• _Goal of the exercise_:
The answer should hold only the lines from the one containing "Los aliados apoyan" through the one containing "Cartagena: Buffet &" in the entries below, copied exactly, without pictures.

• _Provided material_:
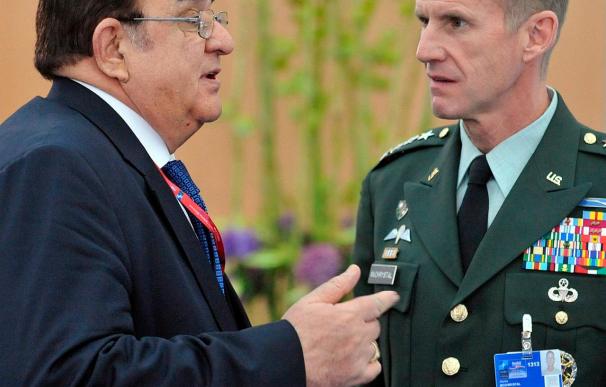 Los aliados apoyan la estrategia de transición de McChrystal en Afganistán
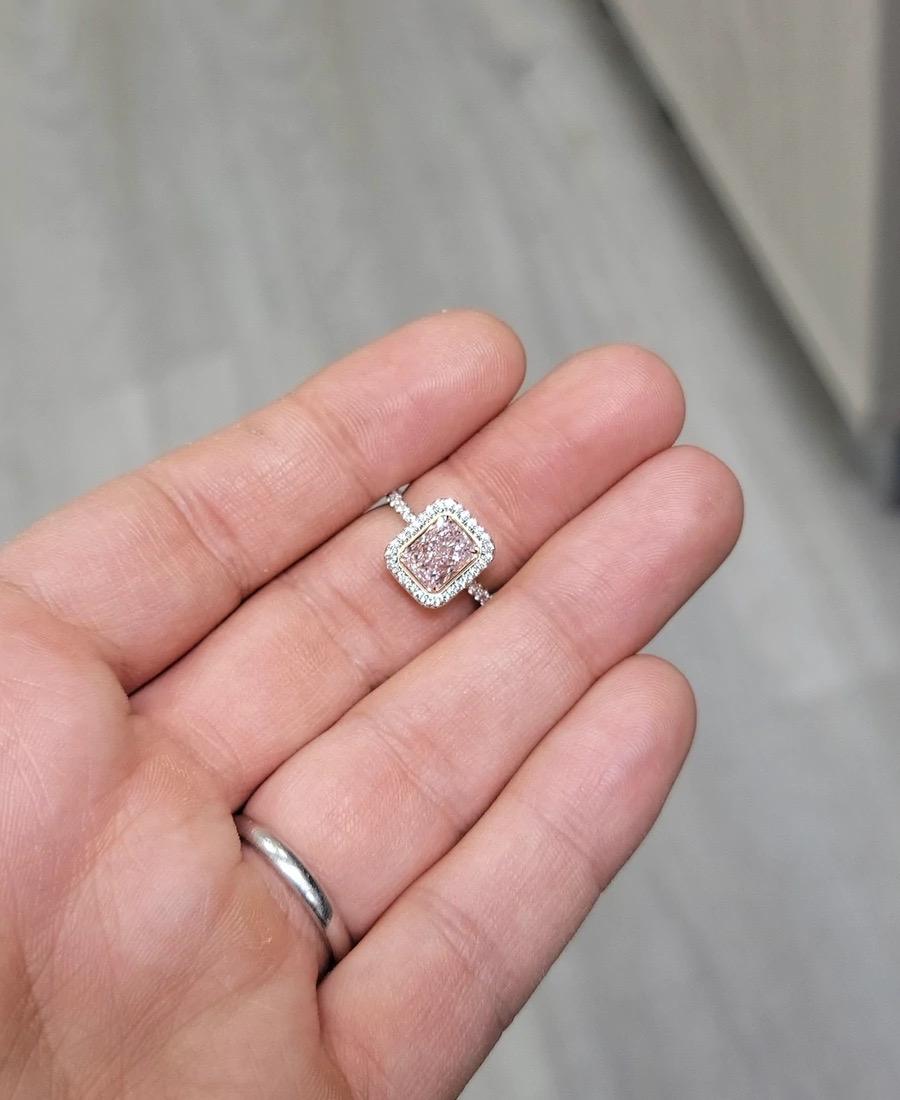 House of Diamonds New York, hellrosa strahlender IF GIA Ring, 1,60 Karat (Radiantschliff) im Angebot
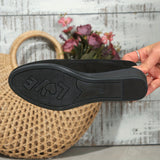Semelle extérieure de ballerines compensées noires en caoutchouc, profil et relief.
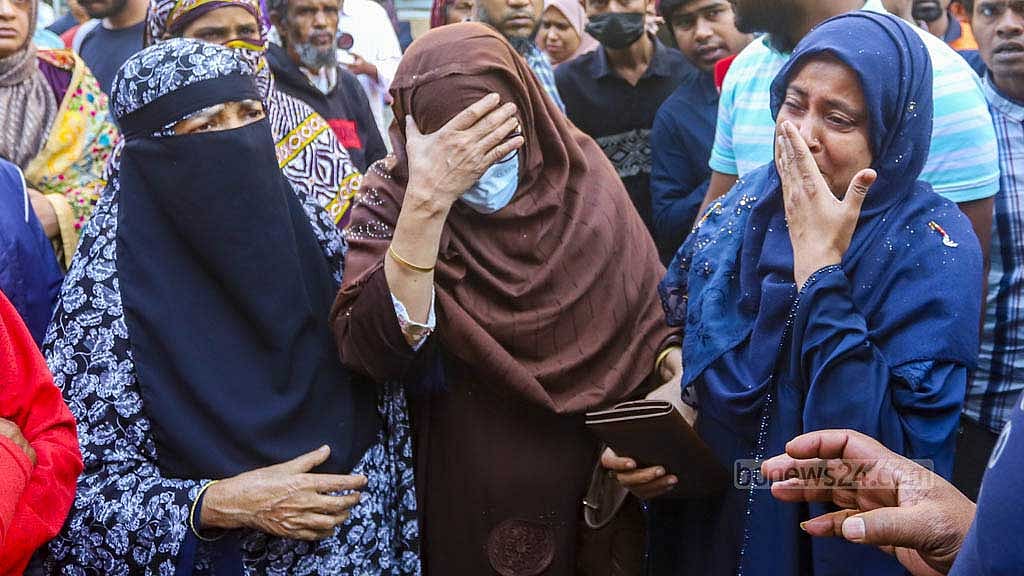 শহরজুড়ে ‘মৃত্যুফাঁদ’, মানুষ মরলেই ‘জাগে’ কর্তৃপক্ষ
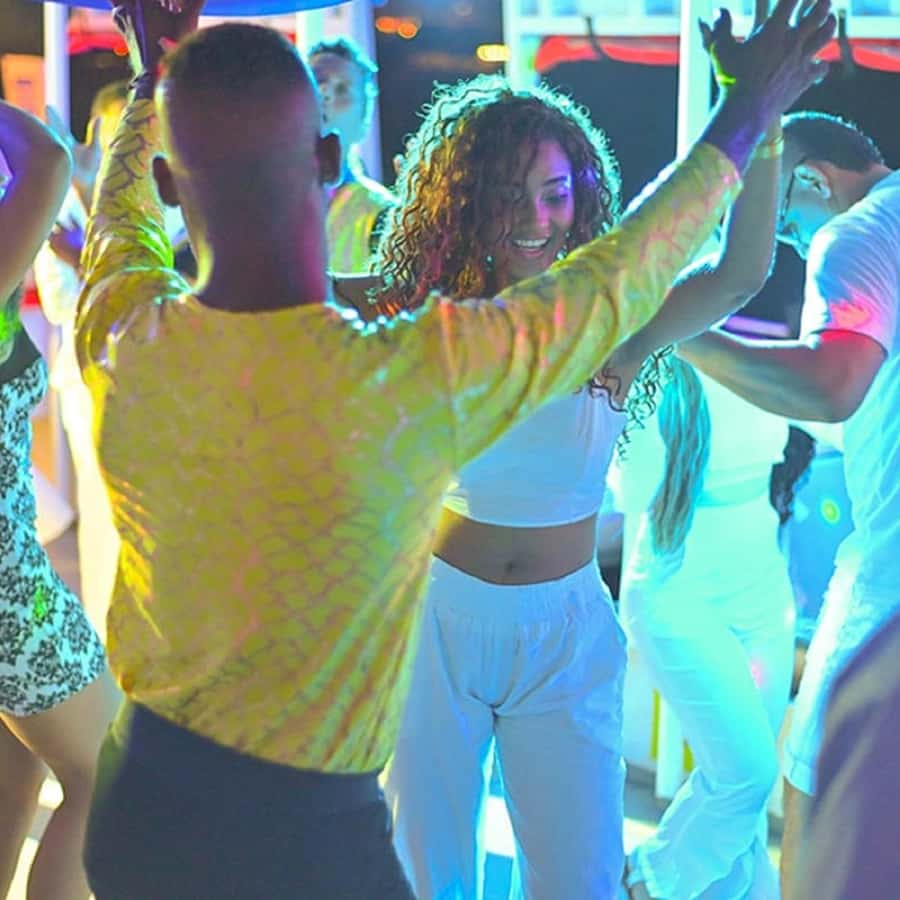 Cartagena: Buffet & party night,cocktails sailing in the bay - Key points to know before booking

---

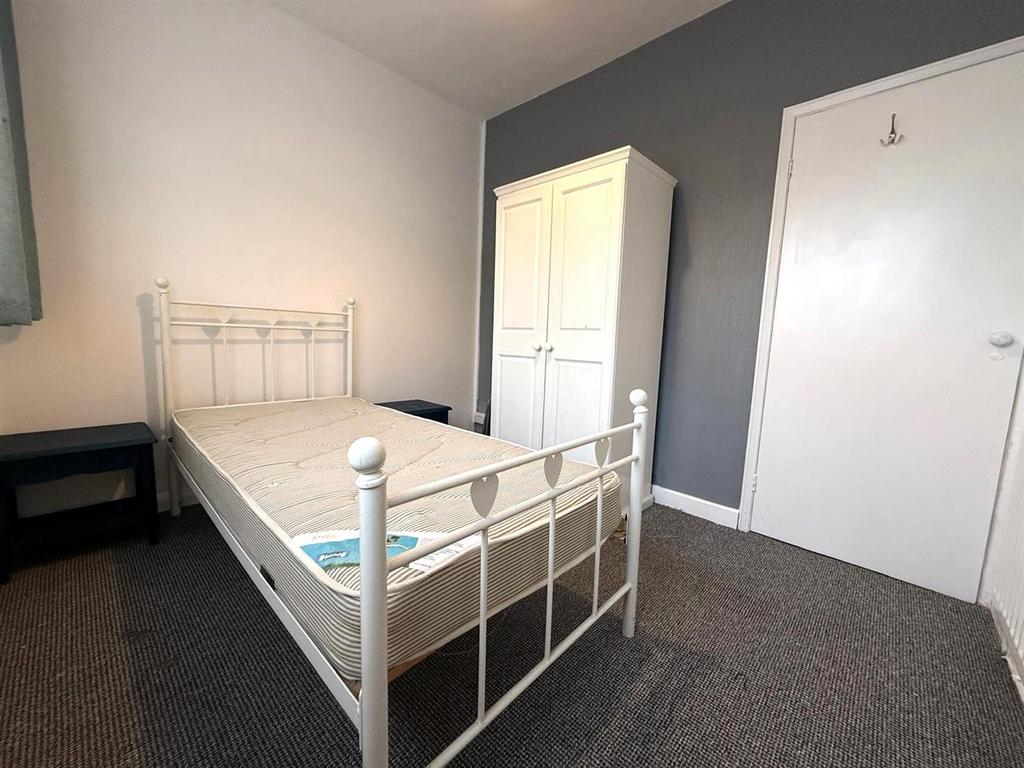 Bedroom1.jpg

• _Exercise response_:
 Los aliados apoyan la estrategia de transición de McChrystal en Afganistán
 House of Diamonds New York, hellrosa strahlender IF GIA Ring, 1,60 Karat (Radiantschliff) im Angebot
Semelle extérieure de ballerines compensées noires en caoutchouc, profil et relief.
 শহরজুড়ে ‘মৃত্যুফাঁদ’, মানুষ মরলেই ‘জাগে’ কর্তৃপক্ষ
 Cartagena: Buffet & party night,cocktails sailing in the bay - Key points to know before booking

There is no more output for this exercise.